Mulher, Gênero e Violência

No mês da mulher, o UFPA Pesquisa não poderia ficar de fora das discussões em torno do público feminino. E para falar sobre o tema Mulher, Gênero e Violência, o programa convidou Tainara Lúcia Pinheiro, graduanda do curso de Ciências Sociais da UFPA e pesquisadora do Grupo de Pesquisa “Nós.Mulheres: pela equidade de gênero étnico-racial” da UFPA, e a delegada Janice Maia de Aguiar, diretora da Divisão Especializada no Atendimento à Mulher (DEAM-Belém).

Ainda que a Lei Maria da Penha (Lei nº 11.340/2006) tenha permitido o avanço nas conquistas de direitos do público feminino, a violência contra mulheres continua com números elevados, colocando o Brasil em quinto lugar no ranking dos países nessa categoria de crime.

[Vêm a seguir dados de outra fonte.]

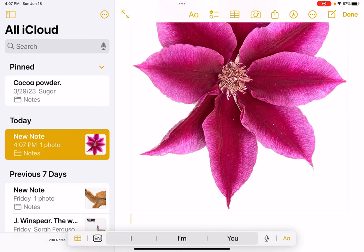Isn't that beautiful? I could post it on Facebook, put it in a Pages document, and right now I have it in a Notes document. That's how you lift a particular item out of a photograph on your iPhone or your iPad.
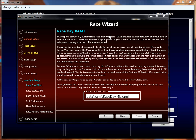If somebody sends me a screenshot or describes what they're looking for, a lot of times in 10 or 15 minutes I can build one based on previous files. I'm happy to help whenever I have the time. The race day XAML file specifies the screen used for the main race — it's the big one, the one you're looking at all the time.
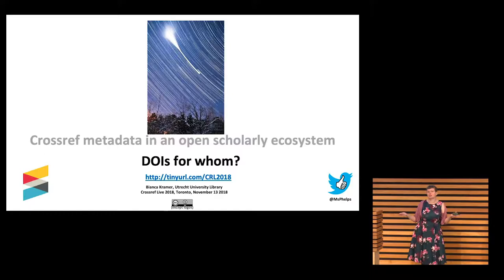Thank you, Jeff. Can you all hear me? Because we tried something different with the mic — yeah, that sounds like it works. So what I thought of for my talk was 'DOIs for whom?' Because you all work very hard to provide those DOIs, but who's actually using them?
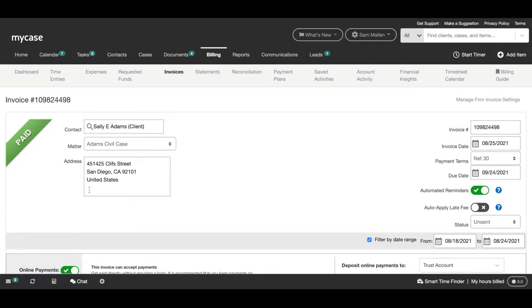One of the most time-consuming parts of the billing and payments processes for both attorneys and their staff is manually reaching out to your clients to remind them to pay their upcoming or past due bills. Fortunately, MyCase will actually do this work for you.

A violência de gênero foi um dos assuntos discutidos no programa. A violência doméstica e familiar e o menosprezo ou discriminação à condição de mulher estão descritos na nova legislação como elementos de violência de gênero, integrando ao crime de feminicídio.

De acordo com Tainara Pinheiro, uma das bases da formação sociocultural brasileira está associada ao sexismo, compreendido como a discriminação ou a objetificação baseadas no sexo ou gênero de uma pessoa. “Compreende-se como violência de gênero a violência praticada por um gênero sobre o outro. No Brasil, assim como no mundo, a violência de gênero é praticada pelo homem contra a mulher. Por conta da lógica patriarcal construída historicamente em nosso país, a violência de homens contra mulheres, hoje, se dá em todas as esferas da nossa sociedade, até mesmo nas Universidades”, explica a pesquisadora.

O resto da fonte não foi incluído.